Black-owned rural and township enterprises are firmly at the centre of Premier David Mabuza’s radical economic transformation agenda. And he has vowed to personally oversee and manage “big ticket infrastructure projects” worth billions of rand.
He admitted that his administration had resolved to use the state’s financial muscle to give much needed support to small black-owned businesses in order to grow the economy and create much-need jobs.
Delivering his State of the Province Address in Mbombela on Friday, Mabuza said they would use the government’s Nine Point Plan – a blueprint to address the country’s socio-economic challenges – to attract investment, accelerate service delivery and drive economic growth and transformation.
He said R80m had been allocated to ensure various infrastructure projects being implemented in township and rural areas succeeded.
The Mpumalanga Economic Growth Agency (Mega), the province’s trade and investment arm, would be at the forefront of driving the projects which are envisaged to create 1 428 jobs.
"To date, the value of loan applications that Mega received stands at R72.7m. These are at various stages of evaluation," said Mabuza, adding loans totalling R49.8m had already been approved by the development finance institution.
Of the approved R49.8m, R6.3m would benefit women, R7.4m would support youth owned enterprises, R36.9m would be directed to rural enterprises, while township enterprises would get R2.35m.
Mabuza, who has been at the helm of the province since May 2009, said as government they had resolved to “use state buying power" to procure goods and services produced and supplied by township and rural small, medium and macro-sized enterprises and cooperatives.
"We are collecting further data from all our municipalities on any existing small businesses that are either in the agricultural or manufacturing sectors. This data will assist us to understand the capacity of these businesses and prepare targeted interventions where needed," said Mabuza, who is the ANC provincial chairperson.
The radical socio-economic transformation "requires that we take bold and decisive action" to change the economic ownership patterns in the country. This would be achieved through the "deployment of state resources in support of black-owned enterprises in manufacturing, agriculture and agro-processing, as well as tourism and services".
Speaking off script, the premier remarked, to loud applause: "We require our people to stand up and work. Move away from the syndrome of entitlement." He also commended his administration for its successes over the past five years, which saw the creation of "130 000 net jobs, achieving approximately 36% of our annual job creation target due to the lacklustre economic growth", which saw Africa's largest economy grow by a paltry 0.5% last year.
The provincial government had also invested on various social and economic infrastructure projects amounting to more than R2bn. The projects included those in the education, health and water sectors.

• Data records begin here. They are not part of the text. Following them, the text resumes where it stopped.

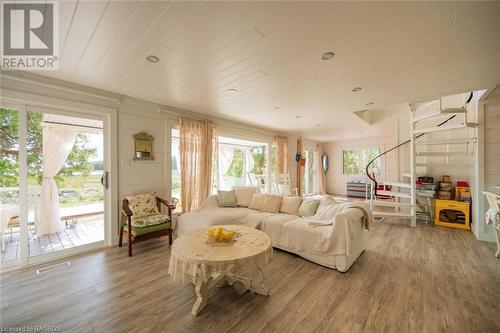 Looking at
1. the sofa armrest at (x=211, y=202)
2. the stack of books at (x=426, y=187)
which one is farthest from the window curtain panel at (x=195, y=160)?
the stack of books at (x=426, y=187)

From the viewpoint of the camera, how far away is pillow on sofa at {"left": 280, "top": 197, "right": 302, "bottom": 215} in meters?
3.48

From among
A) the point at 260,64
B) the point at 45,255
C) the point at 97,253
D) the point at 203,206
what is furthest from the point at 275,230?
the point at 45,255

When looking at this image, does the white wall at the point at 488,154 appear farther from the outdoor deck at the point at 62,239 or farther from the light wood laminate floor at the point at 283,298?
the outdoor deck at the point at 62,239

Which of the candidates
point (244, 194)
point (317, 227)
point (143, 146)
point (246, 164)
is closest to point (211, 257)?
point (317, 227)

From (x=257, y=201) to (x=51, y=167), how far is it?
337cm

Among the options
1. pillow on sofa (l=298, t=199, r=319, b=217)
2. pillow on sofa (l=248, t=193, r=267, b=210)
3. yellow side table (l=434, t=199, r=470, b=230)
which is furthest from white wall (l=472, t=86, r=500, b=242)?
pillow on sofa (l=248, t=193, r=267, b=210)

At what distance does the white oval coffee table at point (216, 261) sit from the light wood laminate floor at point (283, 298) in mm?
111

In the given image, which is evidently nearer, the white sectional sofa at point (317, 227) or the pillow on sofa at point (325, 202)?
the white sectional sofa at point (317, 227)

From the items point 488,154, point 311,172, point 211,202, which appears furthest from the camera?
point 311,172

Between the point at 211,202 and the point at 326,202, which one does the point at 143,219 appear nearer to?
the point at 211,202

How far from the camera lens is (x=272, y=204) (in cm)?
362

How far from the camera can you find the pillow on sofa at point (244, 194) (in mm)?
4017

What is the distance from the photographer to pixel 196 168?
4.08 metres

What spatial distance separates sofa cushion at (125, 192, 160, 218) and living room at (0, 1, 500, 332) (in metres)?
→ 0.03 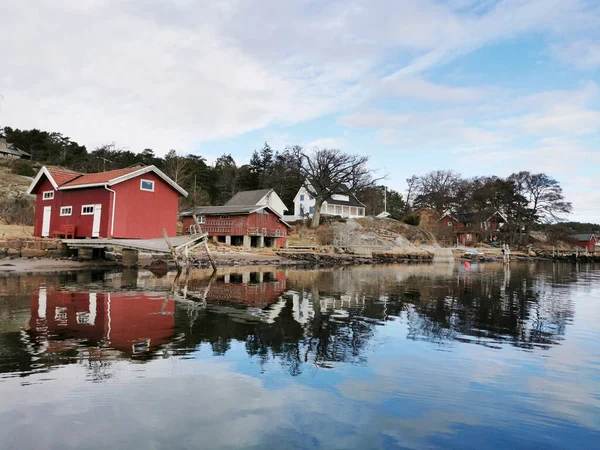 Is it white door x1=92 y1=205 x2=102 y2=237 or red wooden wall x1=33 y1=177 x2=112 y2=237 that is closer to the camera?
red wooden wall x1=33 y1=177 x2=112 y2=237

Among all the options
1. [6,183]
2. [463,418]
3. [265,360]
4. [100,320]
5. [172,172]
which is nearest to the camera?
[463,418]

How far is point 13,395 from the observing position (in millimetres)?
5852

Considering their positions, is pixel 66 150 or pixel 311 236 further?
pixel 66 150

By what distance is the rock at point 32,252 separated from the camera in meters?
26.3

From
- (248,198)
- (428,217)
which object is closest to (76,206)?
(248,198)

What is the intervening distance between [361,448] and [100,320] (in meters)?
8.50

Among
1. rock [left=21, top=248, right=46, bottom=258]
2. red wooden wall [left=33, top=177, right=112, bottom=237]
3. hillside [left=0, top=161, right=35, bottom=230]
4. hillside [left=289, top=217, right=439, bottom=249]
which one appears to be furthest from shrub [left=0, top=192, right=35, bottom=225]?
hillside [left=289, top=217, right=439, bottom=249]

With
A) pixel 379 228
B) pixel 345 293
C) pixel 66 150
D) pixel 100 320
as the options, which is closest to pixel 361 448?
pixel 100 320

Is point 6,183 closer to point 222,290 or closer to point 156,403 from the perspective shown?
point 222,290

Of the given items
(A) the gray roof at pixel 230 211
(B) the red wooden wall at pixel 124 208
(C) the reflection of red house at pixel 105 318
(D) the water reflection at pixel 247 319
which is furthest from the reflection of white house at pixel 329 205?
(C) the reflection of red house at pixel 105 318

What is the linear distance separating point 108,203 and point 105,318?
20.0 m

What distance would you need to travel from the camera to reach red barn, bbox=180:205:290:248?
148 feet

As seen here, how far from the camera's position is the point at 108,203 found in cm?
2900

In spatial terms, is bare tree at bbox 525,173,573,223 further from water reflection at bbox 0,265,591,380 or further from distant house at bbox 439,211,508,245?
water reflection at bbox 0,265,591,380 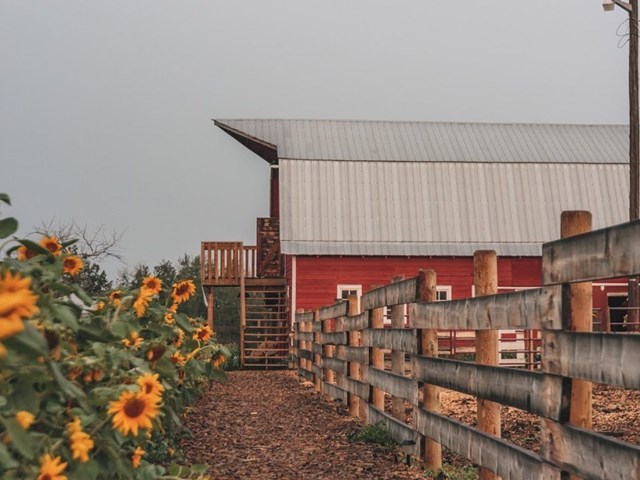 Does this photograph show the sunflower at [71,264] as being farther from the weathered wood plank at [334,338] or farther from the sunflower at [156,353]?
the weathered wood plank at [334,338]

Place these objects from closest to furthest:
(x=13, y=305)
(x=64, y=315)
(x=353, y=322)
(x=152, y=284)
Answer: (x=13, y=305) < (x=64, y=315) < (x=152, y=284) < (x=353, y=322)

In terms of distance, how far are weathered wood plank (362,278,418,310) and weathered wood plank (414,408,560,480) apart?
0.96 m

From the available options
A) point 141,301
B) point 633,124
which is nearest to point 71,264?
point 141,301

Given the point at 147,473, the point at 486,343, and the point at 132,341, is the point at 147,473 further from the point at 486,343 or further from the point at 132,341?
the point at 486,343

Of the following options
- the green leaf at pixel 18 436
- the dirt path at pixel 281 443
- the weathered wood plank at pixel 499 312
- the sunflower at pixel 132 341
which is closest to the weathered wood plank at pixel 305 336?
the dirt path at pixel 281 443

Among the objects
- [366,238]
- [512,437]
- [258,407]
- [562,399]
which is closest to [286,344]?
[366,238]

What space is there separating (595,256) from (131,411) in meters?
2.19

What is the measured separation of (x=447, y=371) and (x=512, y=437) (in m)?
3.09

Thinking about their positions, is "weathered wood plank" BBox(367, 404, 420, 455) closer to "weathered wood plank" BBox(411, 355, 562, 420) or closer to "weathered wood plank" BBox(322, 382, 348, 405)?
"weathered wood plank" BBox(411, 355, 562, 420)

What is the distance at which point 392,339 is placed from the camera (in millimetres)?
8508

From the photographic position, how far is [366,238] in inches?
1123

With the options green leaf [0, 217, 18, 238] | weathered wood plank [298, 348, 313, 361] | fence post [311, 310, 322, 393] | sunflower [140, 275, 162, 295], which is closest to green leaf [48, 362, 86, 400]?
green leaf [0, 217, 18, 238]

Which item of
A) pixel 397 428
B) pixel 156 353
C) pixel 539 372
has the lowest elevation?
pixel 397 428

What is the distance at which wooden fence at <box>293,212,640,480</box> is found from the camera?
3969mm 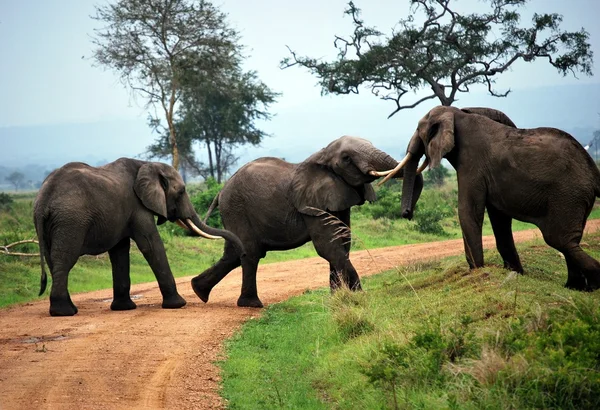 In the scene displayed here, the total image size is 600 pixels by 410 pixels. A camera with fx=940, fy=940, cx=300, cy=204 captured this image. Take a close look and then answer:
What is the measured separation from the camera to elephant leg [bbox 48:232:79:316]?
1288cm

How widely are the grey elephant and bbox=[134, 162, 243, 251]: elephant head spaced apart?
3.35 meters

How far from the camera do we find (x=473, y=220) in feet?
38.4

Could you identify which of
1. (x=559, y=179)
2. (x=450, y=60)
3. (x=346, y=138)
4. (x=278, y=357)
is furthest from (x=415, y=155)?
(x=450, y=60)

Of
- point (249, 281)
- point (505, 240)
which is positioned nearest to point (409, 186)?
point (505, 240)

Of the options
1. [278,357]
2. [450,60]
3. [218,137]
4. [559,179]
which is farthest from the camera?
[218,137]

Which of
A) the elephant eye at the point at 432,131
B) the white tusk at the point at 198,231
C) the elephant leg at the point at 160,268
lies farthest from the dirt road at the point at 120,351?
the elephant eye at the point at 432,131

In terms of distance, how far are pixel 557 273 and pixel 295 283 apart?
5487 mm

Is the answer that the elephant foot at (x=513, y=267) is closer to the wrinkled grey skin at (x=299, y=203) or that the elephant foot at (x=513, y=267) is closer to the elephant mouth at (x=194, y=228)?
the wrinkled grey skin at (x=299, y=203)

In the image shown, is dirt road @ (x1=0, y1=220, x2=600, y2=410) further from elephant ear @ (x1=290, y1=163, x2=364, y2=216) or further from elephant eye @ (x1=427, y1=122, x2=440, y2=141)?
elephant eye @ (x1=427, y1=122, x2=440, y2=141)

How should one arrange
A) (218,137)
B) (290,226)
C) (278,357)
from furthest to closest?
(218,137) < (290,226) < (278,357)

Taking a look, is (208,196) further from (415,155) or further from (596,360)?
(596,360)

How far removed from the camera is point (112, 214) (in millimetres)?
13375

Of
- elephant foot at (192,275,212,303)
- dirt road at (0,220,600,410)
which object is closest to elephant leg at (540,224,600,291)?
dirt road at (0,220,600,410)

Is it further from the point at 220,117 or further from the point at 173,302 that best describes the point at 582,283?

"...to further ensure that our big ticket infrastructure projects are rolled out as planned, we will be establishing a Provincial Project Management Unit coordinated by the Office of the Premier to manage and oversee these critical projects from start to finish," said Mabuza. A further R1.9bn in capital investment, he said, had been set aside to continue the construction and completion of various road upgrades. "This is by no means a small achievement. No young democracy like ours, anywhere in the developing world, has ever accomplished what we have achieved. Let history judge the ANC-led government on these achievements, and nothing else.”
Mega chief executive Xola Sithole said the Sopa was very inspiring, focussed and specific on what needs to be done.

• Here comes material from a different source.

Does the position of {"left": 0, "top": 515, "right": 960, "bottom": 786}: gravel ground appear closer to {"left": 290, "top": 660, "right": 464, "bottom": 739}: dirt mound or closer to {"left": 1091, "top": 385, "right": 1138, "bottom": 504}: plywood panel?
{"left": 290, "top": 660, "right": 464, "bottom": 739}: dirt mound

“There is a strong sense that the problems of poverty, unemployment and inequality will be resolved through a focus on growing the economy. Whatever you need to do you must create jobs, to create jobs you must invest in order to lift people out of poverty, so investment is key. Investment can either come from the state or from the private sector,” Sithole told Independent Media.

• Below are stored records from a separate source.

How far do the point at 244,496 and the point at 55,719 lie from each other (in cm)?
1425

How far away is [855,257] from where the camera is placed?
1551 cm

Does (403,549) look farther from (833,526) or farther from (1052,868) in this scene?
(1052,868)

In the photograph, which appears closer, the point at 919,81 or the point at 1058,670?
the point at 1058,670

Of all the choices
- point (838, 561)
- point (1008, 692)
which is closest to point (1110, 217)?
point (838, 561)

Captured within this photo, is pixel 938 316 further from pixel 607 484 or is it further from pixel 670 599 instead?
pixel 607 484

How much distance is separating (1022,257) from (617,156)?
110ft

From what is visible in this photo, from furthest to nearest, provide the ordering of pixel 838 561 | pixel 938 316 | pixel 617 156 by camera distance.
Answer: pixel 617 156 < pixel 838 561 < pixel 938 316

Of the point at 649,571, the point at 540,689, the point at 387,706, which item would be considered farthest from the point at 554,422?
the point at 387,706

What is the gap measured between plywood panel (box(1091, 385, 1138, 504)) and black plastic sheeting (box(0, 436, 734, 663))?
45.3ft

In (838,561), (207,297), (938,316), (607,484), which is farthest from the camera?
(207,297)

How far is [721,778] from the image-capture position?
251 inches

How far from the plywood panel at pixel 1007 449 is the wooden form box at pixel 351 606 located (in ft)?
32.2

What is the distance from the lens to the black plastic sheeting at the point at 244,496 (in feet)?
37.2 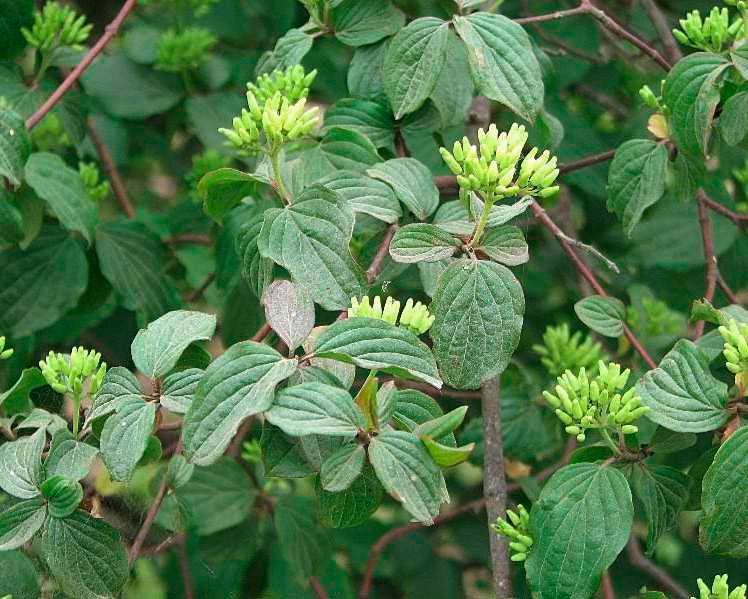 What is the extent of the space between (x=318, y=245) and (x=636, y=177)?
357 millimetres

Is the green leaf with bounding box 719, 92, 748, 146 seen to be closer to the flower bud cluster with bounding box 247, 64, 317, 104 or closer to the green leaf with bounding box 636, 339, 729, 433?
the green leaf with bounding box 636, 339, 729, 433

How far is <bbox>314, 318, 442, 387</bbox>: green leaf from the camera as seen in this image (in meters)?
0.69

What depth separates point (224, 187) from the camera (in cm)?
89

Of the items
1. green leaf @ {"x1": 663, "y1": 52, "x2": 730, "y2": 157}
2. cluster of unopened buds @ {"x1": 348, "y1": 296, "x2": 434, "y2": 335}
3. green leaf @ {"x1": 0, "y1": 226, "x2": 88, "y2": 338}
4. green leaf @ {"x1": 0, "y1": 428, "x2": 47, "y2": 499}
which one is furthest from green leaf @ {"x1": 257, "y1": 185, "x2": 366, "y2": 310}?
green leaf @ {"x1": 0, "y1": 226, "x2": 88, "y2": 338}

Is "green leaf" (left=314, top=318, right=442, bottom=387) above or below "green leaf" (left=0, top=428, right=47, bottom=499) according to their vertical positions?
above

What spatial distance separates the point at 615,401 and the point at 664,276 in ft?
2.68

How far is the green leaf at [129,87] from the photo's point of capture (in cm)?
141

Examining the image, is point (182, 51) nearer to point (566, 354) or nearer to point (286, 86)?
point (286, 86)

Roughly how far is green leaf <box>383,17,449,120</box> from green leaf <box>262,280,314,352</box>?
26 cm

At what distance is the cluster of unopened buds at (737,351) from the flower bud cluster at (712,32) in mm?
302

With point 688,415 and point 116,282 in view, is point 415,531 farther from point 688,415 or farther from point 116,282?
point 688,415

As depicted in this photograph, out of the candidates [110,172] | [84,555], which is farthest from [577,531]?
[110,172]

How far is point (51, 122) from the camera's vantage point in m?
1.30

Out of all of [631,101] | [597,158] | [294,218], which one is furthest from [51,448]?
[631,101] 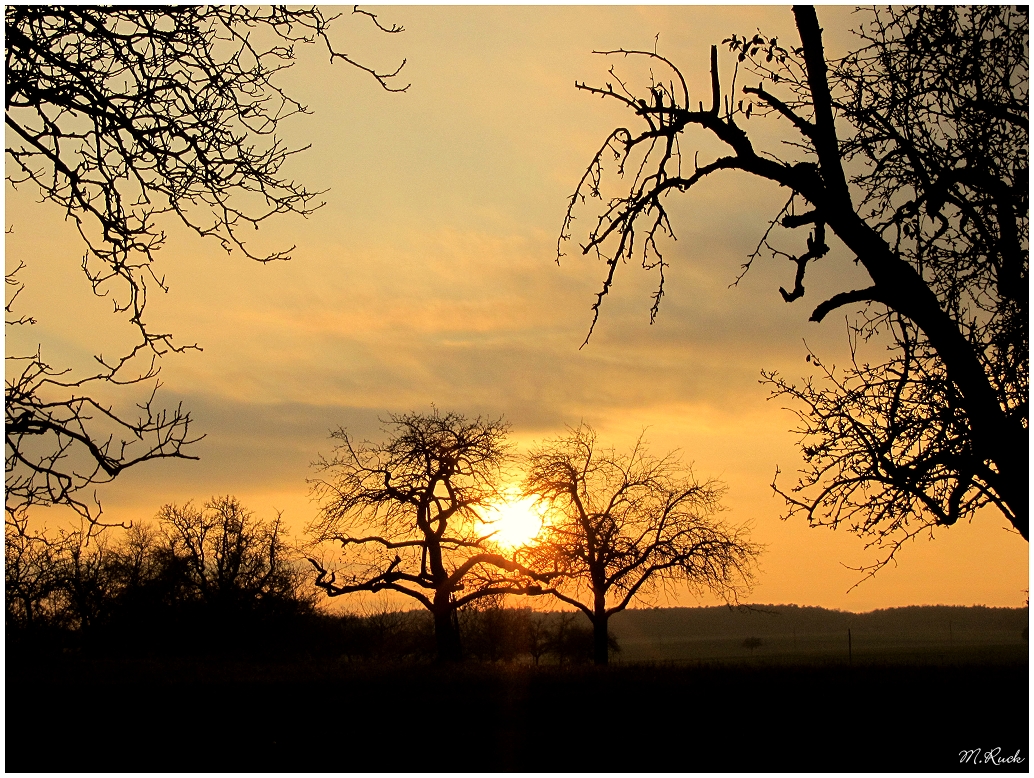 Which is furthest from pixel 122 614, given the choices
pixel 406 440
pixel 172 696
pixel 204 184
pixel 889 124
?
pixel 889 124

Mabuza said in his address: “At this difficult time, we call upon the private sector to invest in the economy, and join hands with government as we navigate challenging economic conditions.”
DA Mpumalanga leader James Masango told Independent Media: "The premier's speech was just a repetition of what he has been saying in the past. However, we are happy that he has decided to support SMMEs. We hope it's not just the politically connected that will benefit."
Masango added that they were a "bit worried" that Mabuza did not touch on the issue of corruption because "this is the most corrupt province".